Wednesday, April 29, 2009

good morning



what'll it be today?
maybe some strawberries in a pale blue bowl
and some sunshine
on a red checkered blanket for you to stretch out on
while your feet hang off the edge and the grass tickles your toes.
and the sun makes little rainbows inside your eyes
and you feel the warmth of them all through your body.
and you're happy.
very, very happy.

how about that?

Sunday, April 26, 2009


"if you knew that it was the last time you were ever going to see your dad, would you have done or said anything differently, dawn?"

this was asked of me by my friend tracy.
i have been lucky enough to know tracy through her life of
becoming engaged and then married to her wonderful mark,
the heartbreak of a miscarriage
the profoundly moving adoption of her daughter,
the joyful birth of her son,
the tragic death of her mother
and now the anguish of her father's progression into alzheimer's.
a lot of living this friend of mine has had.
and she moves through this living in grace and love.
i know she's hurting
and there's not a damn thing i can do about it.

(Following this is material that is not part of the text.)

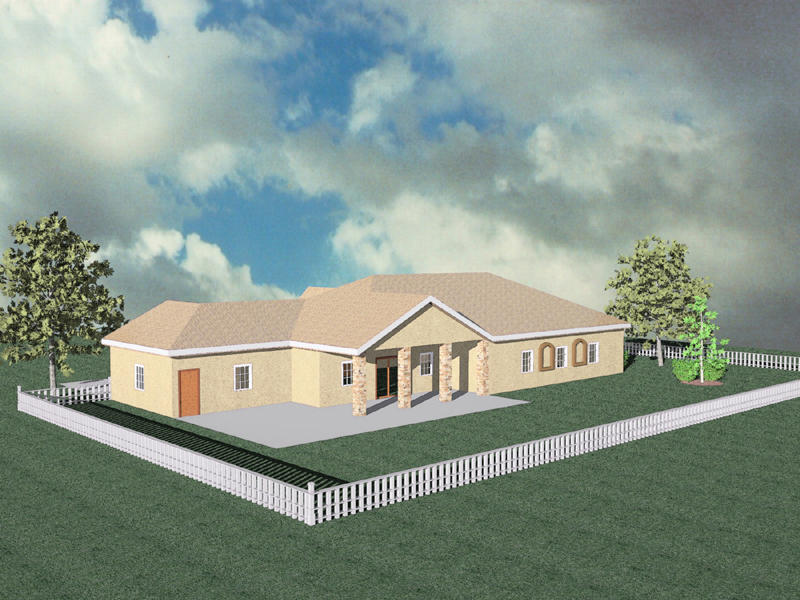 Custom Home (Rear View)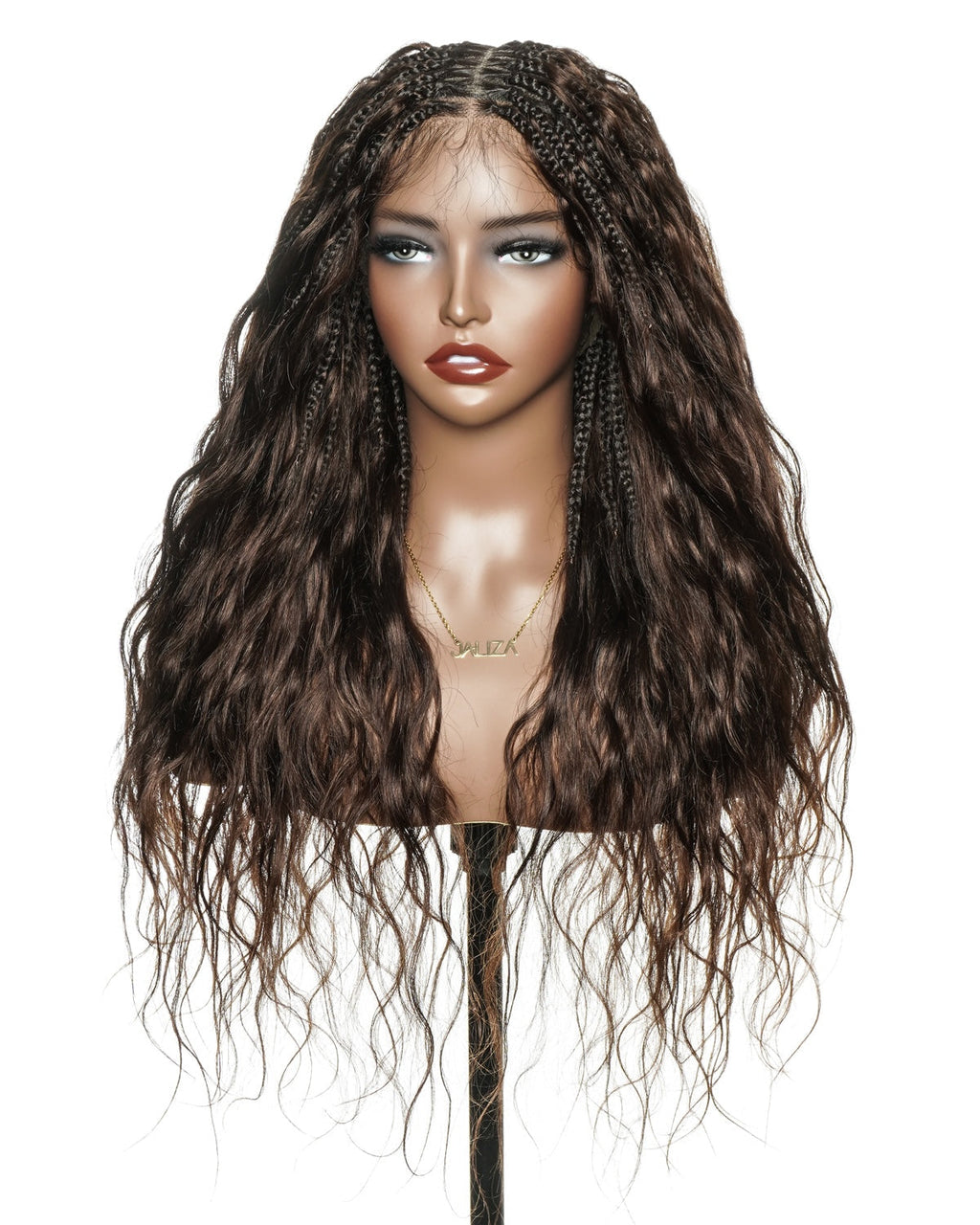 Michelle - Bora Bora Human Hair Body Wave Pre Bleached HD Full Lace Boho Box Braided Wig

i've thought a lot about this question.
i've had my share of deaths, both personally and as a hospice social worker.
i've witnessed hundreds of families as they struggle through grief and loss.
the "what if" question always comes up.

when my father died suddenly, would i have given everything i own for just one more minute with him?
yes.
would he have known that i loved him any better than i did?
no, i don't think so.
for me, it's the yearning.
it's the not wanting to say goodbye.
because when we love people, there are always going to be
the good parts
the bad parts
and the ugly parts.
that's part of loving someone.
but i don't care how prepared we think we may be,
when death comes, we're hard pressed to let go.

for me, it's the wishing.
it's the heartache.
the "what if" is a way of us trying to make sense of it all.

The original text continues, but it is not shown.